Required action. Find the line with "sides of the leaf blade fold" in the records below. Output exactly from there until after the line with "Imágenes del Campeonato", without pictures.

Dataset records.

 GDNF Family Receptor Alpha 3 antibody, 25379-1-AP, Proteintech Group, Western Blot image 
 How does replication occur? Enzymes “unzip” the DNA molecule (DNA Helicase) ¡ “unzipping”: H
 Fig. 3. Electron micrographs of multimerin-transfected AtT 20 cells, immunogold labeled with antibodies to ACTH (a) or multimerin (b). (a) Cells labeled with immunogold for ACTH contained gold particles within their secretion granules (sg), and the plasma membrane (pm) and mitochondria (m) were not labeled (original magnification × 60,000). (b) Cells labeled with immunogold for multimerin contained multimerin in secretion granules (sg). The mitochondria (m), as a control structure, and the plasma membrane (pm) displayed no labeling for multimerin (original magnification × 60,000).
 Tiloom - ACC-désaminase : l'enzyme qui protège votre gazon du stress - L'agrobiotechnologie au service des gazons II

...

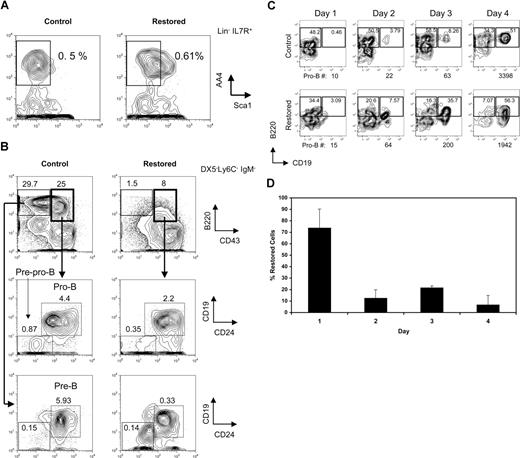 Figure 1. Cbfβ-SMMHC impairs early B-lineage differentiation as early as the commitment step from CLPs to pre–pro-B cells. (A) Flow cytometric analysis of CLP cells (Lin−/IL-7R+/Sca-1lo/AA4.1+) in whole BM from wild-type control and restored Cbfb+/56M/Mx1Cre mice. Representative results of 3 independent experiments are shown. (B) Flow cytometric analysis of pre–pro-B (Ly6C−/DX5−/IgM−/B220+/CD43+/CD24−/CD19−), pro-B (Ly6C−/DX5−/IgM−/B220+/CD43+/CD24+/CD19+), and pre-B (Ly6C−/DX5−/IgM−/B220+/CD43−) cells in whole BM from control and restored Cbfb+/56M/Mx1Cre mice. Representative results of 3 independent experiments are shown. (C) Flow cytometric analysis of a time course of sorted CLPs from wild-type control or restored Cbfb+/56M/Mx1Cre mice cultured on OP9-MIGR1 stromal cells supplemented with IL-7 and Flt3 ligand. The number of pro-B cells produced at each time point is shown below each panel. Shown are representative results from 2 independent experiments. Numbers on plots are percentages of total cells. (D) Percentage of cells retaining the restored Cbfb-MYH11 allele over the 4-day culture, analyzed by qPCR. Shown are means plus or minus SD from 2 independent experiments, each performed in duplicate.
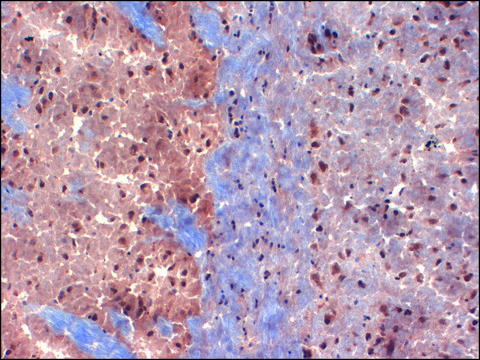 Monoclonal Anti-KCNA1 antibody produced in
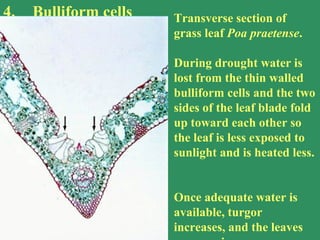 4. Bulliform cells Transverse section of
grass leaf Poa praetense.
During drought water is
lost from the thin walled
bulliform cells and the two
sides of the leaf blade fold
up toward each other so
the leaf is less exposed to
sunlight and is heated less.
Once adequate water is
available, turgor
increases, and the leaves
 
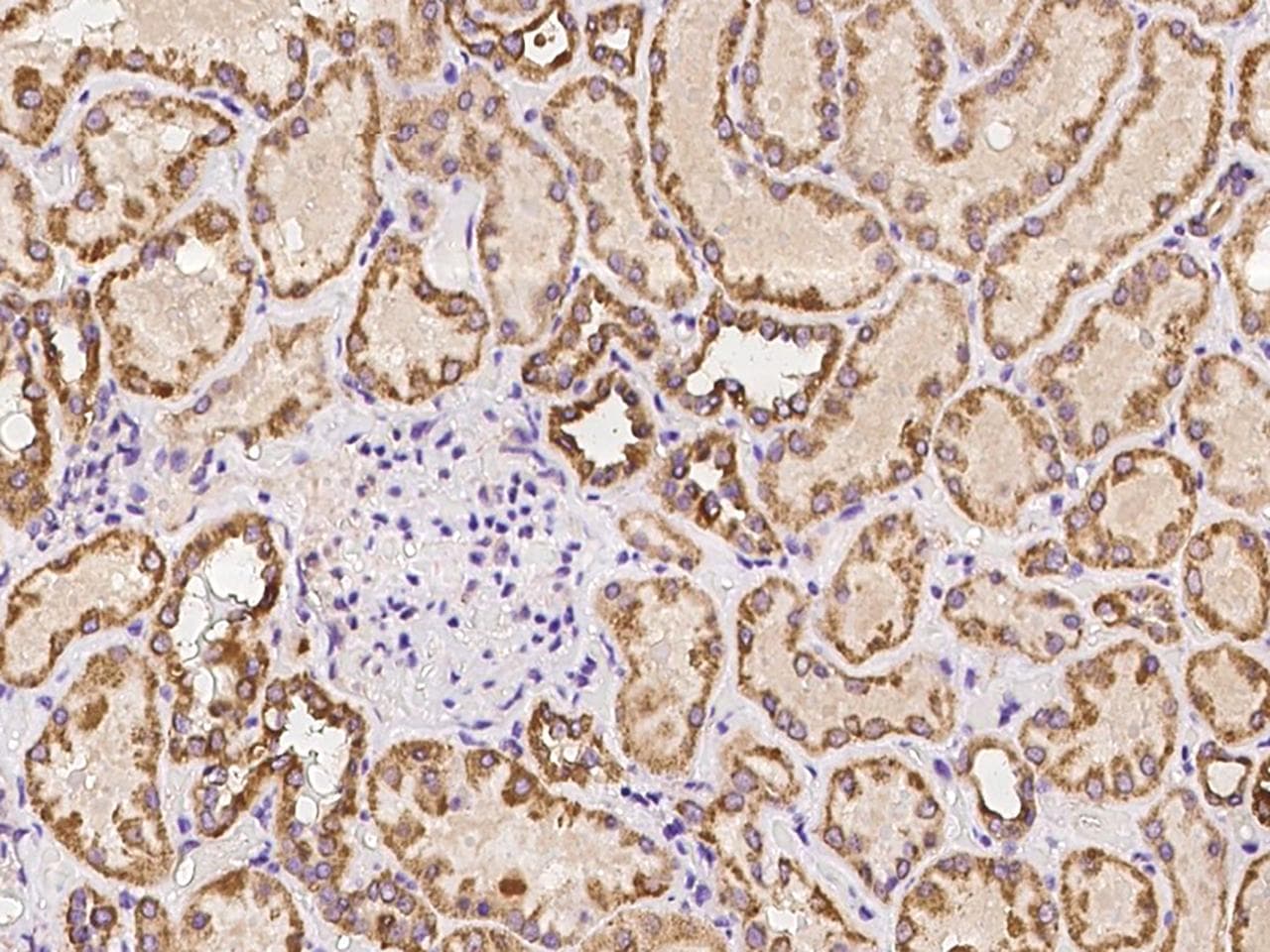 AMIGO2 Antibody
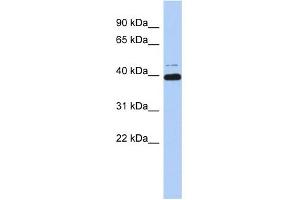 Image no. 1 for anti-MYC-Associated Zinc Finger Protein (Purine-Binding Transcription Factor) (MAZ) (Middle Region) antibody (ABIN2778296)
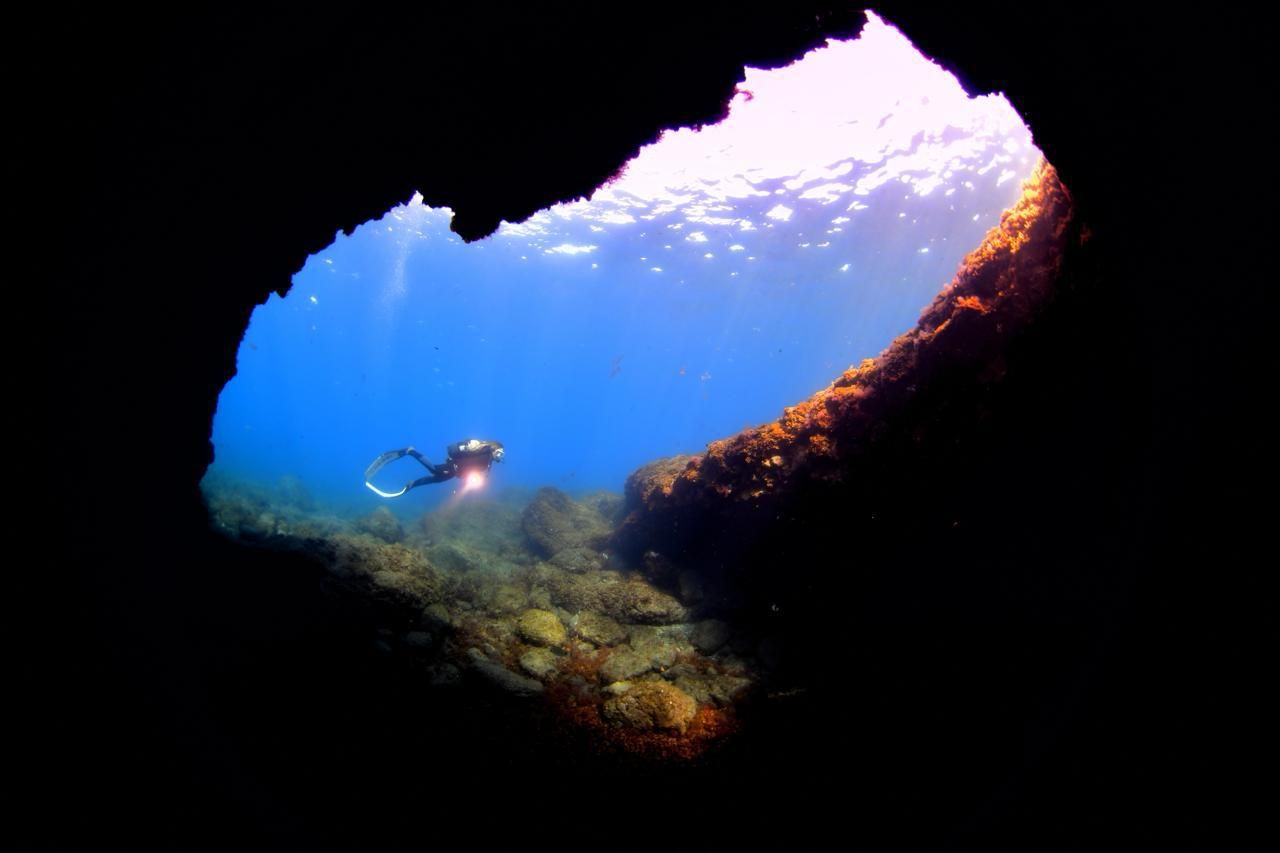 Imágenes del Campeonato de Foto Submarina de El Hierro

Solution for this exercise.
sides of the leaf blade fold
up toward each other so
the leaf is less exposed to
sunlight and is heated less.
Once adequate water is
available, turgor
increases, and the leaves
 
 AMIGO2 Antibody
 Image no. 1 for anti-MYC-Associated Zinc Finger Protein (Purine-Binding Transcription Factor) (MAZ) (Middle Region) antibody (ABIN2778296)
 Imágenes del Campeonato de Foto Submarina de El Hierro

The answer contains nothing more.